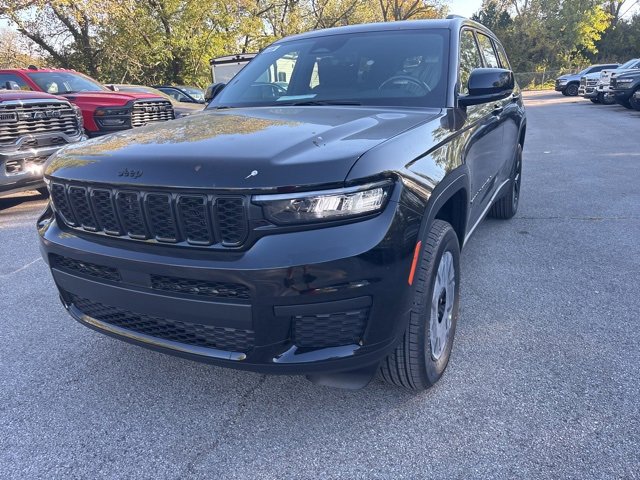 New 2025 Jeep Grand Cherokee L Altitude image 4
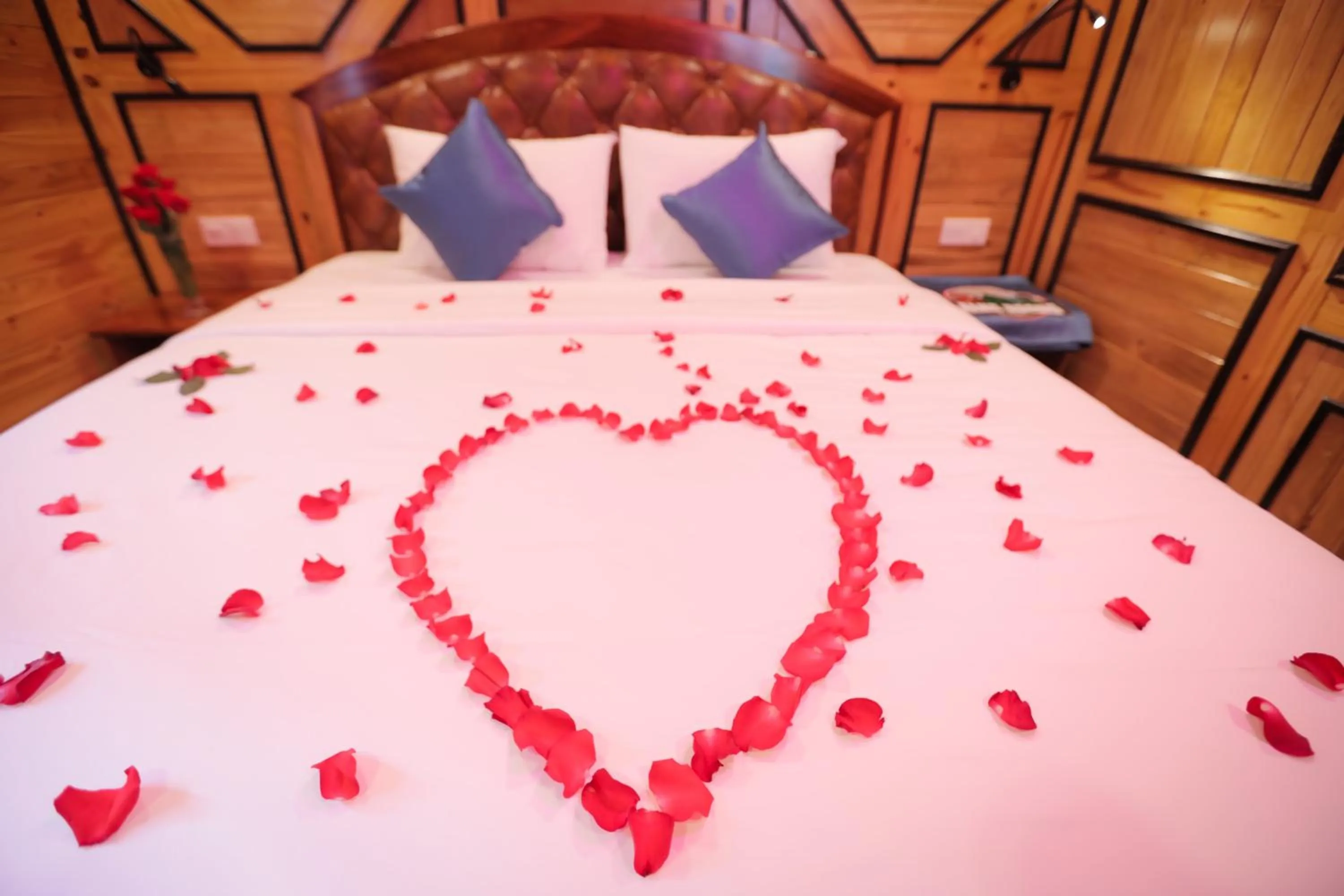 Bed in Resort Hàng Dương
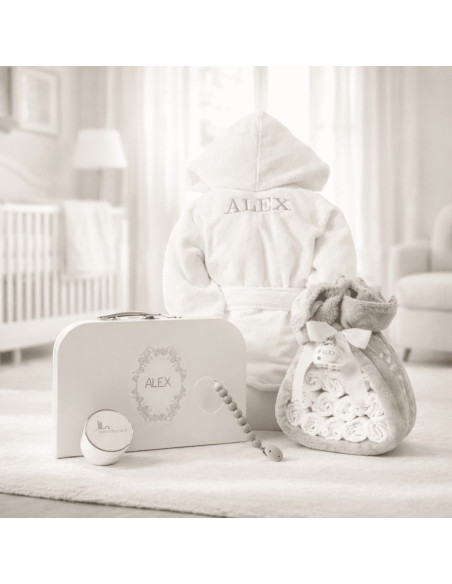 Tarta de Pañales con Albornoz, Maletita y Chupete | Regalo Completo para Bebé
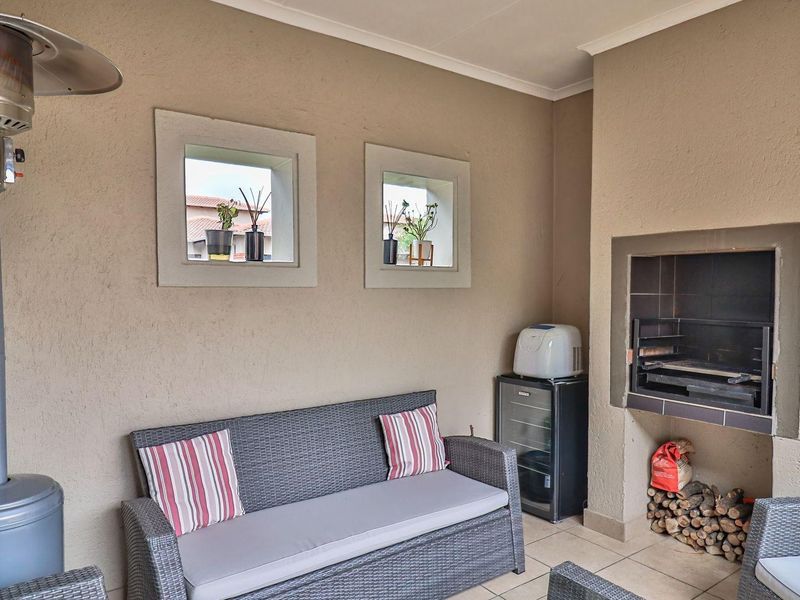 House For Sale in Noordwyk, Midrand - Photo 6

━━━━━━━━

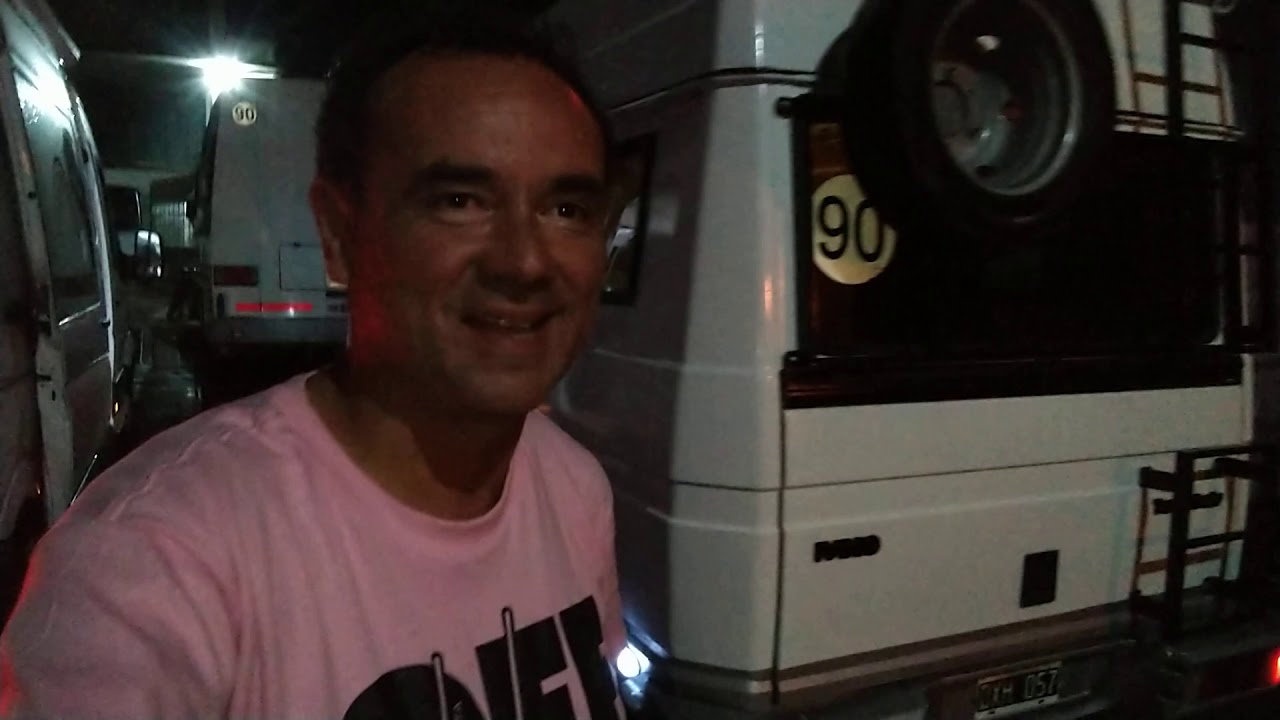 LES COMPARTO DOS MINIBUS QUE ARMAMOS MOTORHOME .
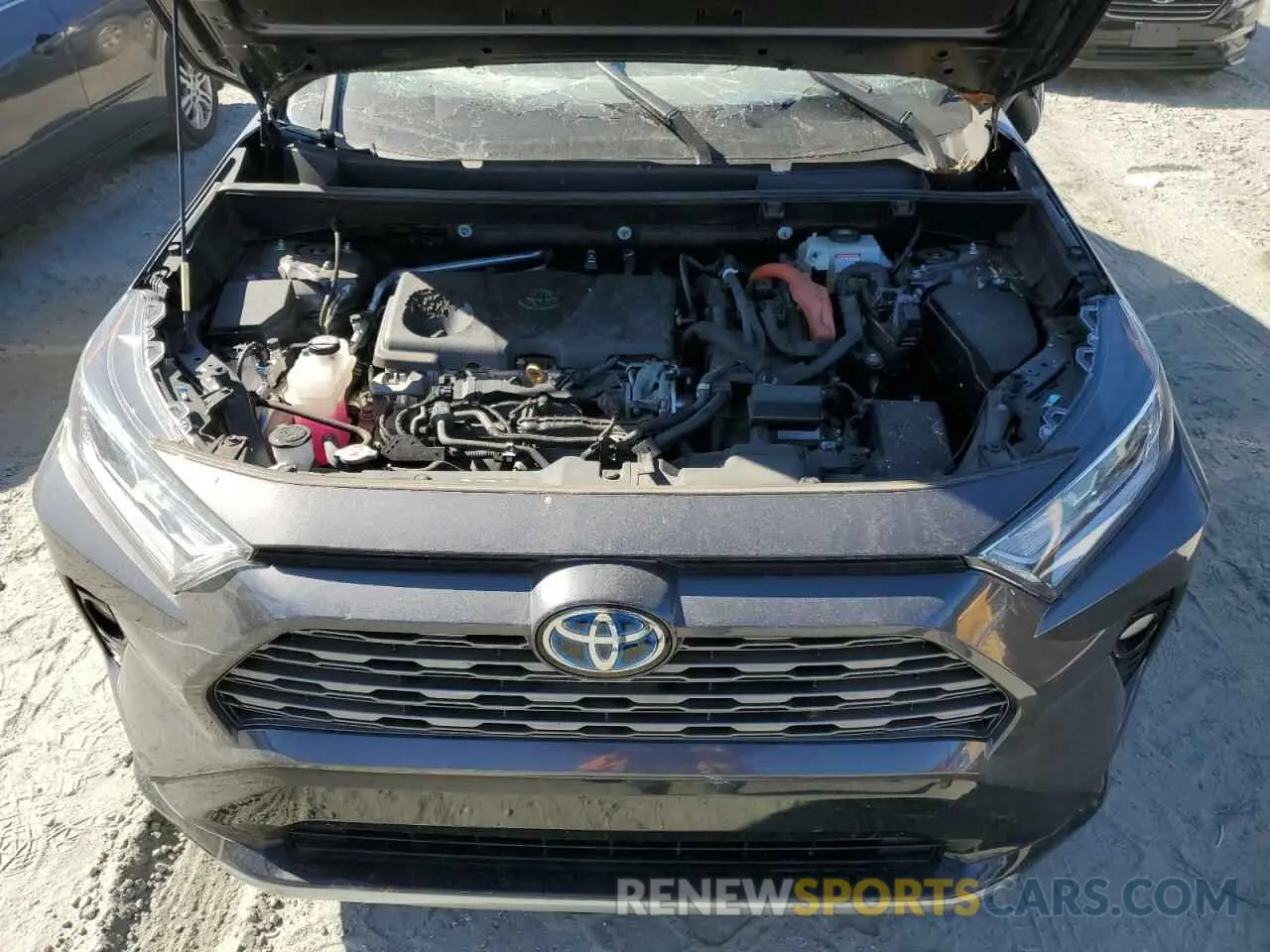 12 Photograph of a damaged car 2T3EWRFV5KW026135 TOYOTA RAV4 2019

━━━━━━━━

**TASK:**
Nothing outside the stretch above, from the line with "LES COMPARTO DOS" through the line with "12 Photograph of", is set down. Transcribe that stretch exactly, ends included, but not its pictures.

**EXPECTED ANSWER:**
 LES COMPARTO DOS MINIBUS QUE ARMAMOS MOTORHOME .
 12 Photograph of a damaged car 2T3EWRFV5KW026135 TOYOTA RAV4 2019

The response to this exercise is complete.